In fact, could it possibly be the CPU that is causing this? Just throwing a question out there.


----------



## sneekypeet (Jul 17, 2007)

is this a 939 mobo?


----------



## chocotastic (Jul 17, 2007)

Indeed.


----------



## pbmaster (Jul 17, 2007)

You may have to hold the power button down. For mine, it's like 1.5 secs I think. Worth a try.


----------



## mello_newf (Jul 17, 2007)

If it was the cpu it would start up but then shut down after a few seconds. It's something to do with your mobo are you sure everything is connected abd secure? do you have the cpu fan plugged into the mobo?


----------



## rod3663 (Jul 17, 2007)

is your 24 pin power con a 20 and a four.?..if it is make sure the 4 pin is in the right way...i messed up on mine....good luck


----------



## chocotastic (Jul 17, 2007)

Yes, it's the very first thing I did after I installed all the stuff for the proc.


----------



## sneekypeet (Jul 17, 2007)

mello_newf said:


> If it was the cpu it would start up but then shut down after a few seconds. It's something to do with your mobo are you sure everything is connected abd secure? do you have the cpu fan plugged into the mobo?

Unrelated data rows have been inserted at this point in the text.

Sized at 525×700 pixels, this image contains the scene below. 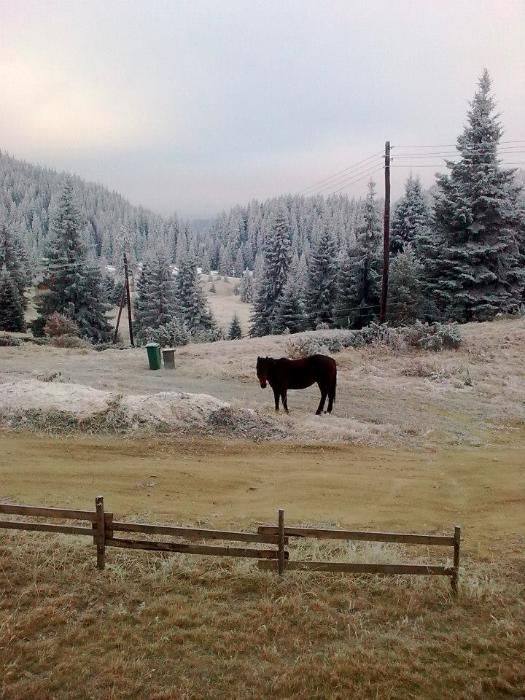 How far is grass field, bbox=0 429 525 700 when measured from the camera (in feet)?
19.5

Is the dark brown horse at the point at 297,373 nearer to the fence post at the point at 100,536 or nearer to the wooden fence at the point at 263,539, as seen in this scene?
the wooden fence at the point at 263,539

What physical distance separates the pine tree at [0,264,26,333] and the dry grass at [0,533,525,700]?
5331 cm

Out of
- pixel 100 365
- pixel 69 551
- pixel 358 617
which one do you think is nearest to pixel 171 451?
pixel 69 551

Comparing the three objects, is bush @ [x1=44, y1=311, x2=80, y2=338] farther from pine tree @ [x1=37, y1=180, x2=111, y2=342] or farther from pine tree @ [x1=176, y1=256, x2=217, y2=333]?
pine tree @ [x1=176, y1=256, x2=217, y2=333]

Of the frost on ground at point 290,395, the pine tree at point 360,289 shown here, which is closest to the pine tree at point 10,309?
the frost on ground at point 290,395

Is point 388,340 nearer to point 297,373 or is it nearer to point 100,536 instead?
point 297,373

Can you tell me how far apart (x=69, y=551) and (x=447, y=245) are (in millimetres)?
33996

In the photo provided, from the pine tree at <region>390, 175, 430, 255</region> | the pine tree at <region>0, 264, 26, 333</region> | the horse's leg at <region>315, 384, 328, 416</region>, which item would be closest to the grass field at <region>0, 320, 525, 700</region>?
the horse's leg at <region>315, 384, 328, 416</region>

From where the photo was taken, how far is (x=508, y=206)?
35.8 metres

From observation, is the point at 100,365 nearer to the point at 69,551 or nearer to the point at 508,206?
the point at 69,551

Only one exception...if pins are bent and not making contact!


----------



## chocotastic (Jul 17, 2007)

rod3663, you are a fucking god. I love you to death.


----------



## sneekypeet (Jul 17, 2007)

the plug was in wrong?


----------



## rod3663 (Jul 17, 2007)

my mobo is an a8n32.sli del..and the board has a green light ..is it on   ...great good luck..


----------



## chocotastic (Jul 17, 2007)

Yeah, now I'm just having a problem getting anything to show up on my monitor. Video card fan is operational and stuff, but nothing shows up on the screen. Sorry to bother you guys, but any explanation?


----------



## rod3663 (Jul 17, 2007)

check the vga cord...i had to change mine


----------



## chocotastic (Jul 17, 2007)

Oh, and I was wondering, is the on-board speaker cord going to be located in the case, the PSU, or the motherboard?


----------



## sneekypeet (Jul 17, 2007)

that question is kinda misleading ...I dont think the onboard has wires(soldered to mobo). With my DFI there is a spot near the powerswitch and HDD activity(on mobo) where i can hook up another speaker as well!


----------



## chocotastic (Jul 17, 2007)

You have a good point there, haha, but that aside, would it be with the PSU or case?


----------



## sneekypeet (Jul 17, 2007)

the speaker?   comes with the mobo!


----------



## chocotastic (Jul 17, 2007)

Hmm.. so how exactly do I get the thing to work then? (connection wise)


----------



## sneekypeet (Jul 17, 2007)

the onboard speaker is usually connected from the factory to the mobo(may need to be activated in bios). If you are installing a little black cylindrical speaker with 2 leads comming off it, it should plug in by the reset ,power,Hdd ,etc. Should say in manual, or may be in paint on mobo where it goes!


----------



## chocotastic (Jul 17, 2007)

Ahh, thanks a bunch. And what about the whole video card thing? I'm sure its not the VGA cable.


----------



## rod3663 (Jul 17, 2007)

did you find were the onboard speaker goes?


----------



## chocotastic (Jul 17, 2007)

I'll look at it tomorrow, but I would really appreciate help on the video card. It's kinda bugging me now.


----------